Зато по вечерам или по воскресеньям в поезде — веселье. Не умолкала гармонь, по закуткам вагона галдели мужики и бабы — за разговорами, за картами. Пашку везде принимали охотно. Среди взрослых он уже различал и добрых, и прижимистых на угощение, и веселых, и скандальных. Знал, для кого не без выгоды можно сбегать в вагон-лавку за куревом или за луком в чужой огород, если таковой оказывался поблизости.

Но вот на какой-то станции мать повела его в школу. Пашка был рад: давно с завистью засматривался на шумливые стайки ребят с ученическими сумками. Его поместили в интернат, а на другой день он осторожно вошел в класс. Оказалось, что он перерос: рядом сидели робкие чистенькие малыши, совсем не похожие на бойких школьников, за которыми наблюдал издали. С первых же минут заскучал. С трудом дождался окончания уроков. Но и в интернате ничего занятного не нашел. Были там ребята повзрослее, но к новичку отнеслись свысока. К тому же воспитательница стала нудно напоминать о его новых обязанностях.

И тогда родной строительный поезд показался ему бесконечно желанным и дорогим. Он еще не отдавал себе отчета в том, что дело совсем не в поезде, а в утраченной безмятежной свободе. Поздно вечером, когда стало особенно тоскливо, он не вытерпел и сбежал. Десять километров прошагал по новеньким шпалам. Измученный, но счастливый тем, что вернулся к родному очагу на колесах, предстал он перед матерью.

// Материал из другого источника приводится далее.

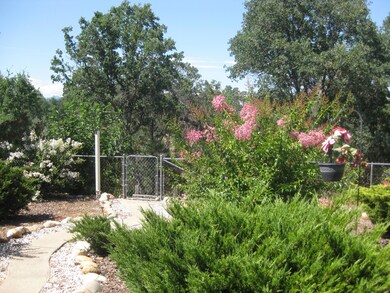 Back fencing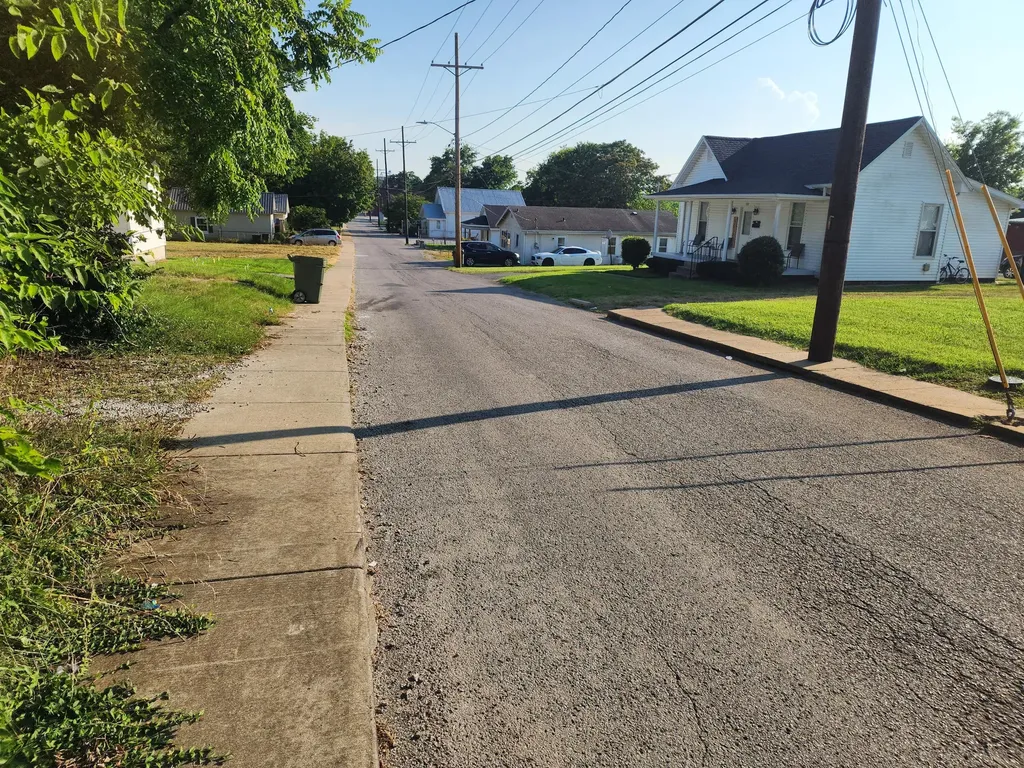 104 S Campbell Street Hopkinsville KY 42240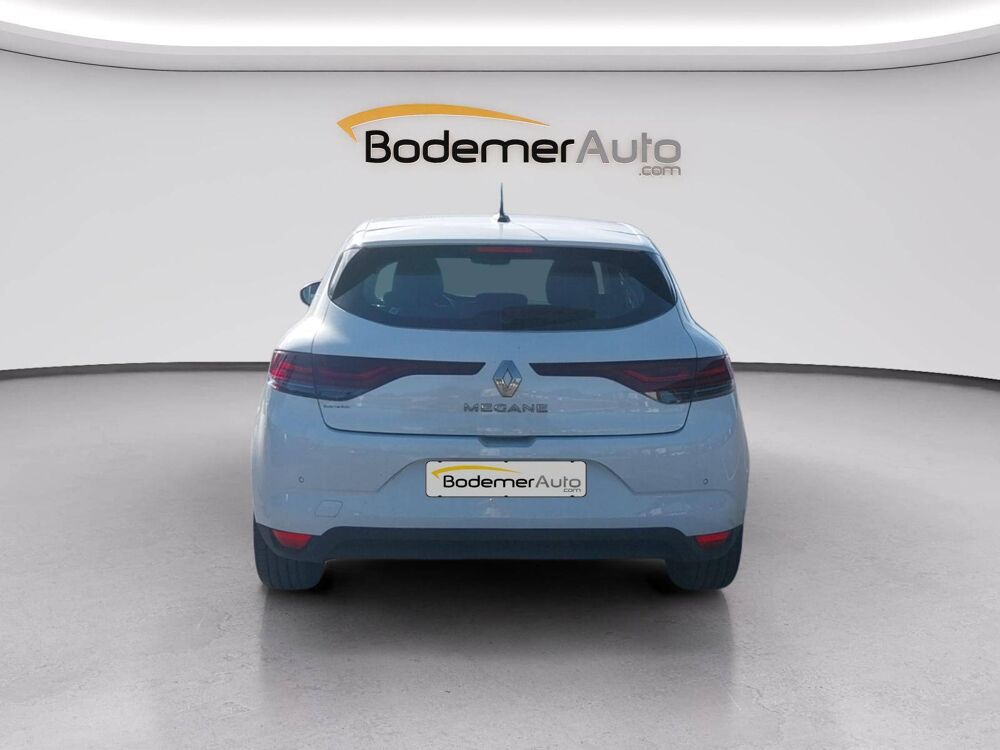 M&eacute;gane Megane IV Berline Blue dCi 115 2022 occasion 22600 Loud&eacute;ac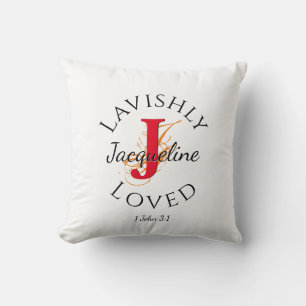 Personalisiertes Monogramm LAVISHLY LOVED Red J Kissen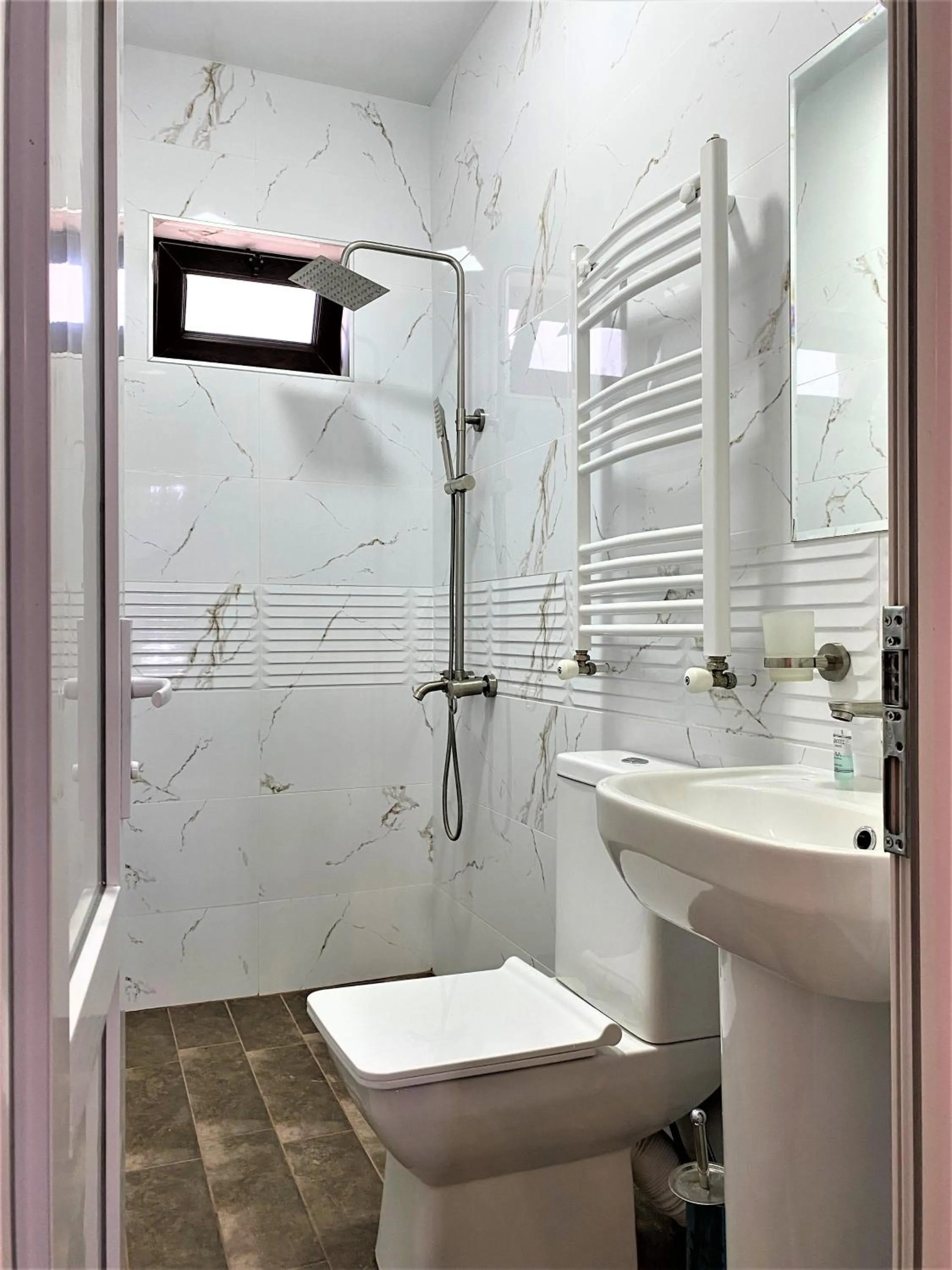 Shower in Hotel West Face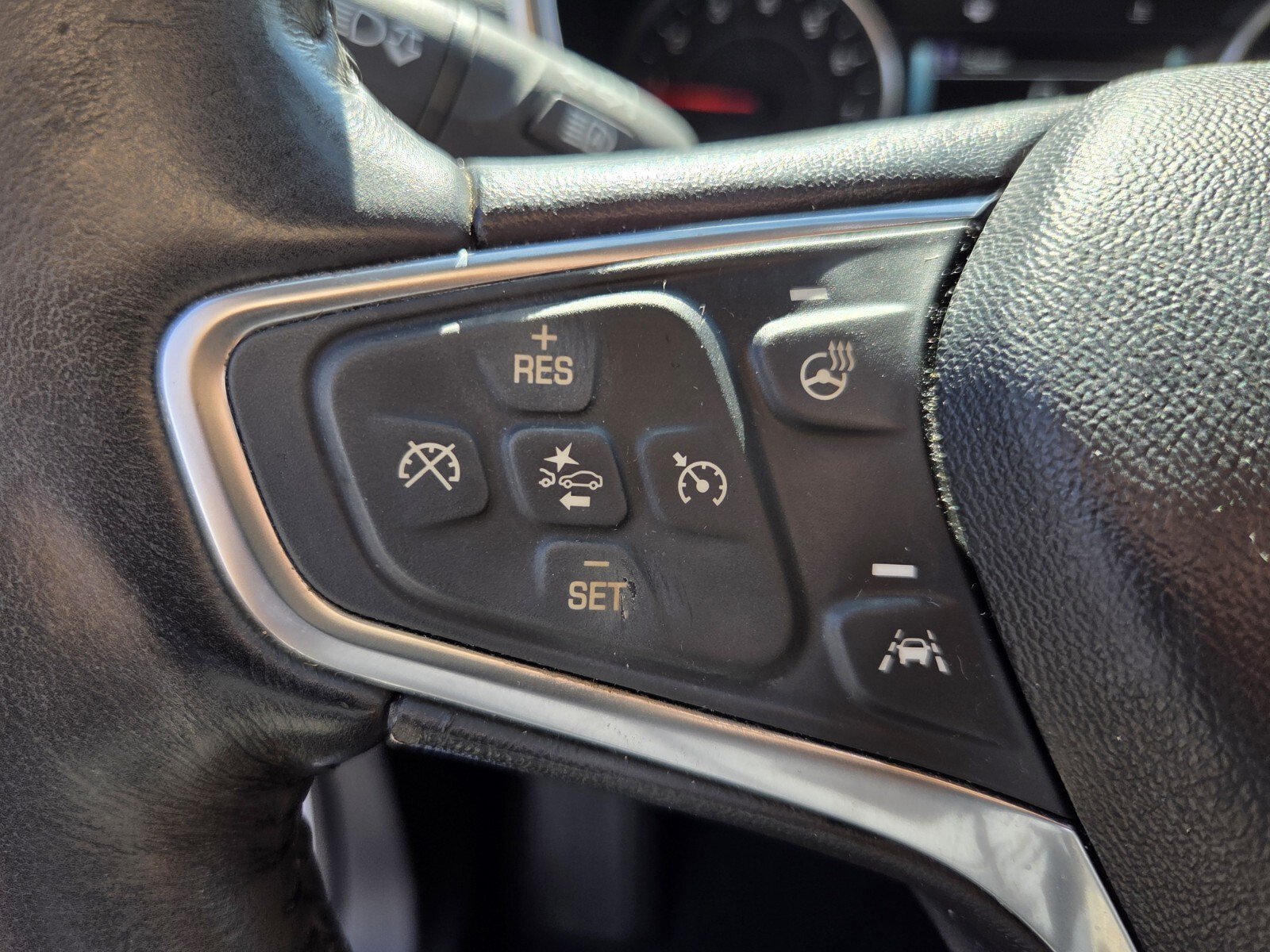 Certified 2018 Chevrolet Equinox Premier FWD image 21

И сразу понял: строительный поезд отверг его. Он знал, как сурова и неласкова мать, но не знал, как тяжела на руку. Побитый, он той же ночью возвращался в интернат. Весь долгий обратный путь был подавлен великой жестокостью матери: что ей стоило хотя бы до утра оставить его в родном вагоне?

Как опостылевшую кошку отучает хозяин от дома — бьет ее, далеко увозит и бросает, а она, измученная и опаршивевшая, не помня причиненного зла, неизменно возвращается, — так мать отучала Пашку от поезда, и он тоже не страшился расстояний и невзгод, а упорно возвращался назад, каждый раз надеясь, что мать смягчится наконец, пожалеет его.

Но надеялся напрасно и только ожесточался.

И вдруг Пашка — в Кузьминском, незнакомом и простоватом. Он быстро понял, что сулит здесь его житейская расторопность. Но легкомысленно поторопился воспользоваться деревенской доверчивостью, не сообразил, что жизнь теперь не на колесах. Кузьминские его скоро поняли, насторожились, и он так и остался чужаком среди них.

Только однажды пережил радостные дни. Присмотрелся к нему и, наверное, пожалел парторг Егор Степанович Семенихин. Пашку словом не проймешь: ему говорят, а он только делает вид, что слушает. Но парторг ничего и не говорил, а придумал невероятное: предложил парню стать шофером… Водить машину? Вольной птицей мчаться по дорогам? Это было что-то сродни строительному поезду, только гораздо лучше. Пашка не сразу поверил.